Take a quarter of kid and dress well for roasting, lard and fill with a generous amount of peeled cloves of garlic, the same way you would as if you wished to baste or lard it. Then take some good verjuice, two egg yolks, two crushed garlic cloves, a little saffron and pepper, and a bit of fatty broth, and mix all these things together and put this mixture in a pot beneath the kid while it is roasting, and baste it every so often with this sauce. When it is done cooking put the kid on a platter, top with the sauce, and a bit of chopped parsley. The kid should be well done and served very hot.
Libro de arte coquinaria (J. Parzen trans)

Grease a kid or a quarter of one with lard and cleaned garlic cloves; put it on a spit and turn it by the fire. Baste it often with sprigs of bay or rosemary and the sauce I shall now describe. Take verjuice and the juice of the meat, the yolks of two eggs well beaten, two cloves of garlic well pounded, a pinch of saffron and a little pepper, and mix this and pour into a dish. With this (as I said) you baste what you are cooking. When it is done put it n a dish and pour some of the sauce over it and sprinkle with finely chopped parsley. Caeculus should not eat this because it dulls the eyesight and arouses dormant passions.
De Honesta Voluptate

Platina, who normally shamelessly plagiarises Maestro Martino, makes a useful addition here – the rosemary, and following his tradition I introduce a little more. You will die for this, and people will mob the kitchen demanding more.
1 leg of lamb
8 cloves of garlic
3 sprigs of fresh rosemary
2 egg yolks
½ cup verjuice
olive oil
pinch saffron
salt, pepper
1 handful fresh parsley

You can try this with kid if you like, but lamb has a lot more flavour. If you want to ‘lard’ it with garlic as Martino suggests, make little holes all over and stuff garlic in them.

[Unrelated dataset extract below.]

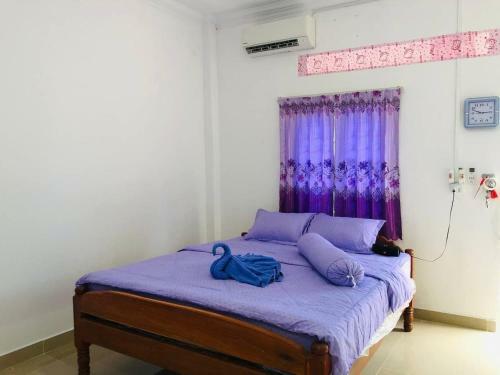 Kep Monthly Vacation Home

Put four of the garlic cloves (peeled) into a mortar with the leaves from two sprigs of rosemary, and some coarse salt. Grind these up as much as you can, and moisten into a sludge with olive oil.
Take the leg of lamb. If it is very fatty cut off some of the fat, slicing it off right down to the flesh in some places. With a narrow, sharp knife make a hole alongside the bone, passing the whole length of the leg. Stuff the mixture from the mortar in the hole. Take the green and garlicky juices from the mortar adding a little more olive oil if necessary, and smear over the outside of the leg.

Put the leg into a covered roasting dish, preferably one with a nice heavy base. If you don’t have a covered roasting dish, wrap the leg in foil. Put in the oven at 200C (180C fan forced). Roast it for 20 mins for every 0.5kg plus an extra 20 mins (this is for well-done).

Smash up the remaining cloves of garlic and put them in a small saucepan with the other ingredients except for the parsley and the remaining rosemary. Mix up well. Every half an hour throughout the cooking process take the lamb out the oven. Tip the juices that have come out into the saucepan, and turn the lamb over. Mix the sauce and baste the lamb with it using the remaining rosemary sprig. Return to the oven.

When the lamb is done remove it from the oven and tip any remaining juices into the sauce. Let the lamb rest for a little while then carve it into small pieces and put it on a platter. Put the saucepan with the sauce on the stove and heat until it is hot but not boiling. If you like you can add some breadcrumbs to thicken it up a bit. Pour over the lamb, sprinkle with finely chopped fresh parsley, and resist the urge to secrete yourself in a cupboard and eat it all.